Estas son las corralejas, el toreo a la colombiana. Las corralejas son una mezcla entre los Sanfermines, donde los valientes, los borrachos y los tontos huyen de los toros, y las corridas de toros tradicionales de España. Pero con una diferencia importante; aquí no mueren los toros, solo los hombres.

Por más de un siglo, a lo largo de la costa caribe de Colombia, cientos de hombres —muchos repletos de ron y cerveza— se reúnen en deteriorados coliseos de madera para poner a prueba su valentía con los toros. Yo llevo más de una década observando las corralejas, bebiendo ron, viendo a los toros, y aprendiendo las reglas y las excentricidades. A lo largo de una tarde, de uno en uno, sueltan a 36 toros para que se abran paso entre la multitud de hombres.

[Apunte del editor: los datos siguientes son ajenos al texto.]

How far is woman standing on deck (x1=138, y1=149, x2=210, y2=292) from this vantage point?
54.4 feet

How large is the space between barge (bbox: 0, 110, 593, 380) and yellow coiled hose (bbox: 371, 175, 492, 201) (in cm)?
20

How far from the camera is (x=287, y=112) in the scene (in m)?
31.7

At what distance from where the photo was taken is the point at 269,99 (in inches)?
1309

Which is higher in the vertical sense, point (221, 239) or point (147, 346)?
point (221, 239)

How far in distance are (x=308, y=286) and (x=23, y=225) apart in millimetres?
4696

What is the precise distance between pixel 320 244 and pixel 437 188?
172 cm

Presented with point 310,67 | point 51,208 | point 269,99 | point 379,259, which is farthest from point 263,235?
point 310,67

Al cabo de unos cinco minutos, el toro es atrapado y sacado del ruedo, y el siguiente animal sale por las puertas metálicas. La mayoría de los hombres son carne de cañón voluntaria para el espectáculo. Su misión: alejarse de los cuernos de los toros. ¿Y qué hay de los lentos, los desafortunados? El toro va a por ellos. Pero unos 50 hombres son toreros profesionales, como Catalino, y se ganan la vida delante del toro, los llaman los “Hombres suicidas”. Las lesiones son diarias; las muertes, frecuentes. Simpatizantes y críticos lo comparan con juegos de gladiadores de la antigua Roma.

En las gradas, decenas de miles de personas contemplan el espectáculo, bailando al son de orquestas en vivo. Las abuelas, con chupitos de ron en la mano, repiten entre risas el lema del evento: “Si no muere nadie, no es una corraleja”. Son seis días de un oscuro carnaval de música, ron, sangre y locura. Es uno de los deportes más mortíferos del mundo, y puede que pronto le llegue su hora.

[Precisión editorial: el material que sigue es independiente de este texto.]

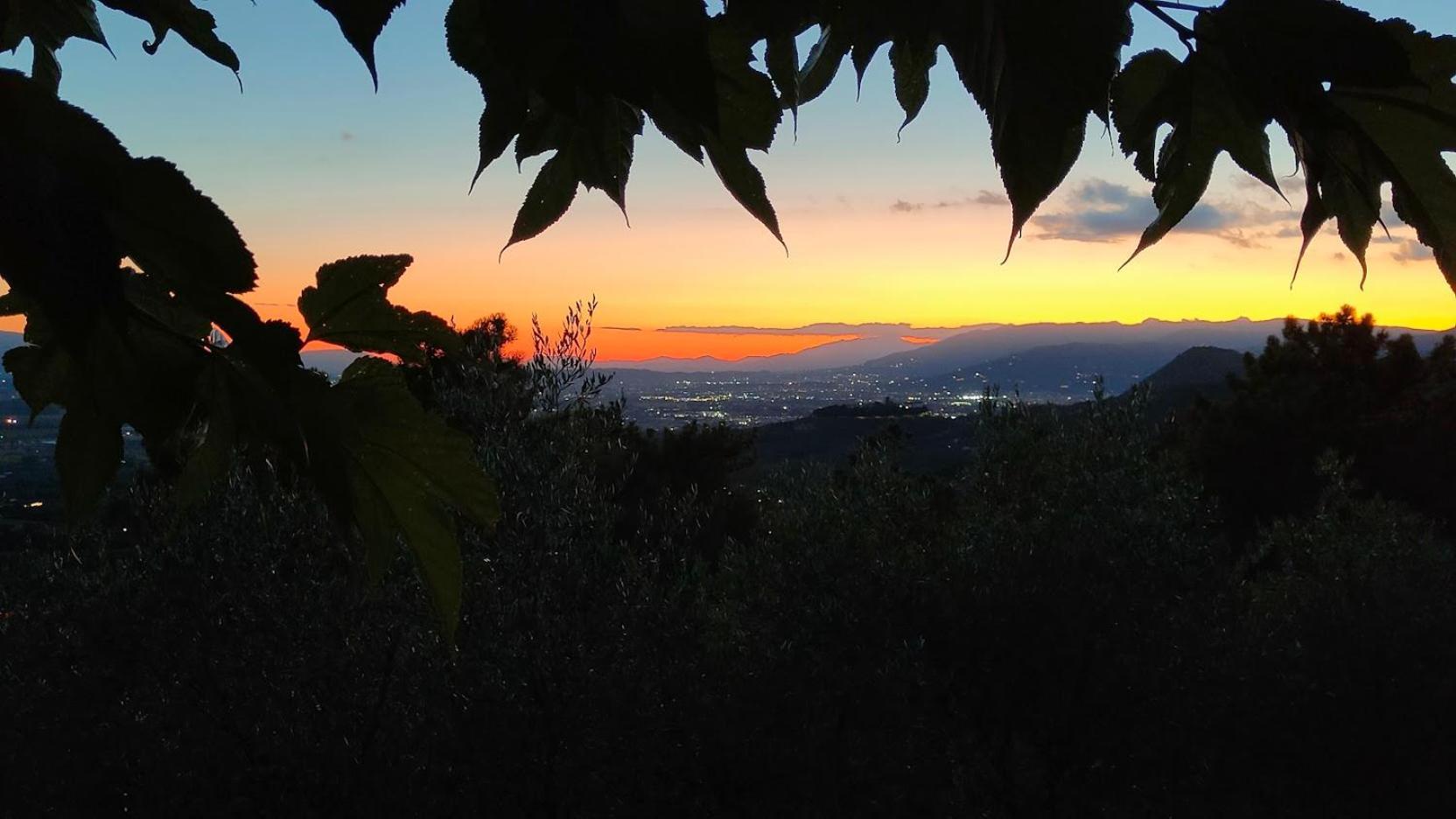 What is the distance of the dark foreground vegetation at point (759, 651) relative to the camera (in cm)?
1022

En todas las corralejas suele haber música y bebida. “Esta es nuestra tradición”, dice uno de los asistentes.
Carlos Parra Rios

Los colonizadores españoles fueron quienes trajeron a Colombia las corridas de toros tradicionales, un pasatiempo del Viejo Mundo para el Nuevo. En España y en otras partes de Latinoamérica se celebraban corralejas en las ciudades pequeñas. Los hombres cerraban la plaza del pueblo y hacían acrobacias temerarias con toros provistos por los ganaderos ricos locales. Pero, con el tiempo, se prohibieron o abandonaron por ser demasiado peligrosas; menos en un lugar, aquí, en la costa caribeña colombiana.

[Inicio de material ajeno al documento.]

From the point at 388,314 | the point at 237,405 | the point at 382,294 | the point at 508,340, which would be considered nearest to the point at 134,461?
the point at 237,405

Los estadios de corralejas están a punto de ser cosa del pasado.
Carlos Parra Rios

La historia es turbia, pero los pocos historiadores de las corralejas creen que empezaron en la primera mitad del siglo XIX, en las llanuras de los departamentos de Sucre y Córdoba, donde el principal negocio es el ganado. Allí se ven paisajes hermosos, coronados por espesas nubes tropicales como cordilleras blancas contra el cielo azul. A los habitantes de la costa caribeña se les conoce como costeños. En sus rostros se ven rastros de África, Europa y los indígenas de las Américas. Están orgullosos de su región, su herencia y sus excentricidades locales. Y a solo media hora por carretera de esta corraleja, el pueblo de San Antero celebra su concurso anual de belleza de burros.

El Banco Mundial confirma lo que cualquiera puede ver en este país de pequeños oasis de riqueza rodeados de grandes necesidades, llamando a Colombia “uno de los países más desiguales del mundo”. Casi el 40 % del país vive en la pobreza, y cerca del 14 % en lo que se clasifica como pobreza extrema. Las tierras de cultivo de la costa están en manos de un reducido número de familias, en enormes haciendas ganaderas que se extienden en el horizonte, casi como un feudal. Y quizá eso sea parte de esta historia: aquí vive una legión de jóvenes que saben que sus posibilidades de llegar alto son escasas, y por eso ven en un camino en el toreo. En las corralejas, el pobre puede llegar a ser alguien, pero el precio es la sangre.


“Este deporte es para psicópatas”, dice Catalino. “La muerte siempre está a tu lado, aunque no la veas”.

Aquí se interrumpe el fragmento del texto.